I’m building a voice bot using Asterisk ARI with real-time STT/TTS. I’m experiencing a ~8-10 second delay when implementing barge-in (interrupting TTS playback when the user starts speaking).
The Problem: When I detect speech during TTS playback, I immediately:
-
Stop all active playbacks via
DELETE /playbacks/{id}
-
Clear my audio queue
-
Start new TTS for the response
However, there’s a noticeable delay (8-10 seconds) before the new TTS actually starts playing.
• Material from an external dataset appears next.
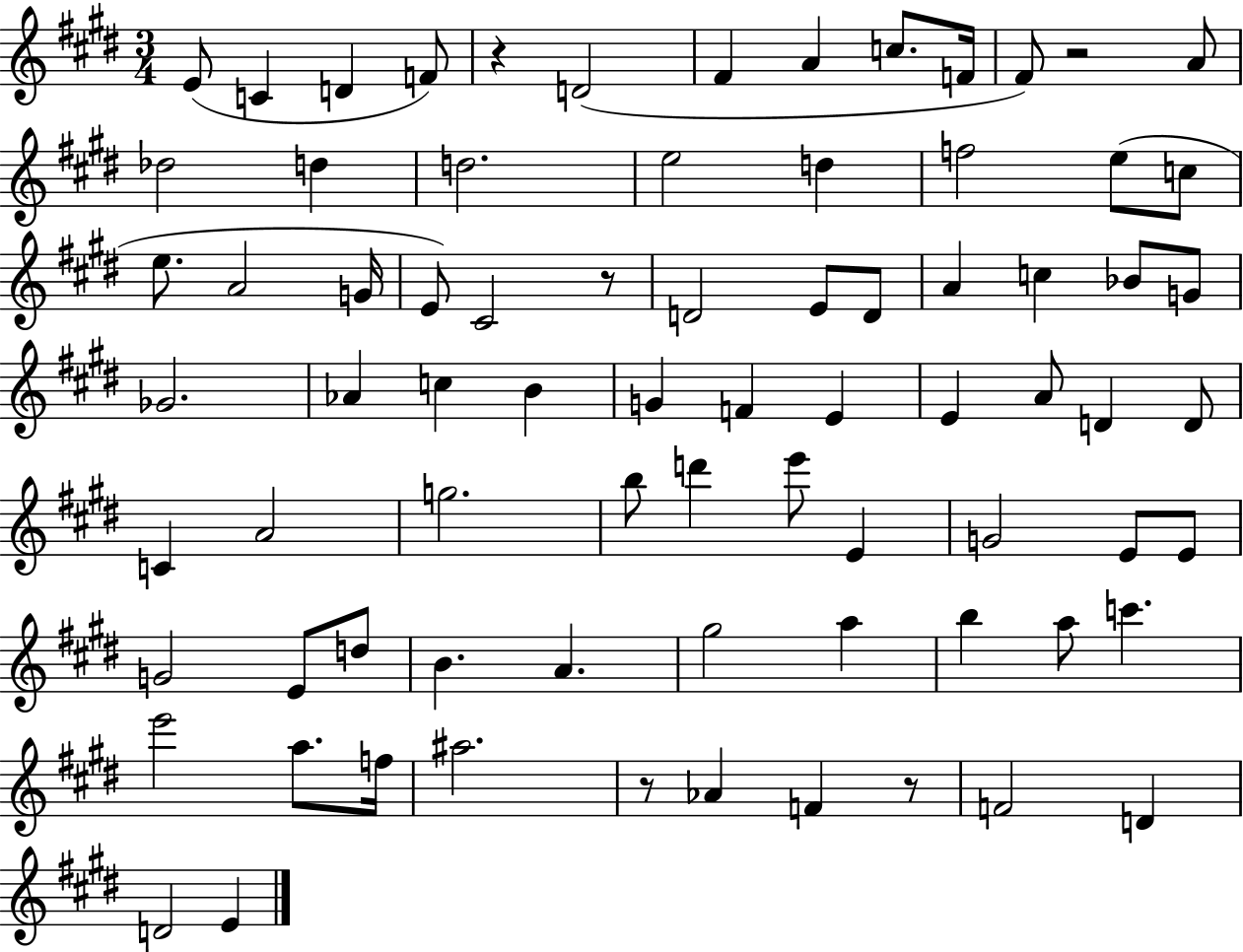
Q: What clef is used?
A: treble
It seems like audio frames are still draining from Asterisk’s buffers even after the DELETE calls succeed.
Current Setup:
-
Using bridge-based playback (playing to bridge, not directly to channel)
-
TTS arrives as GSM chunks that I play sequentially using
POST /bridges/{id}/play
-
Each chunk creates a separate playback ID
-
During barge-in, I may have 10-15 active playbacks to stop
Relevant Code:
Playing audio chunks to bridge
async def play_audio_to_bridge(channel_id, audio_file):bridge_id = bridges[f"playback_{channel_id}“]media_uri = f"sound:{audio_file_basename}”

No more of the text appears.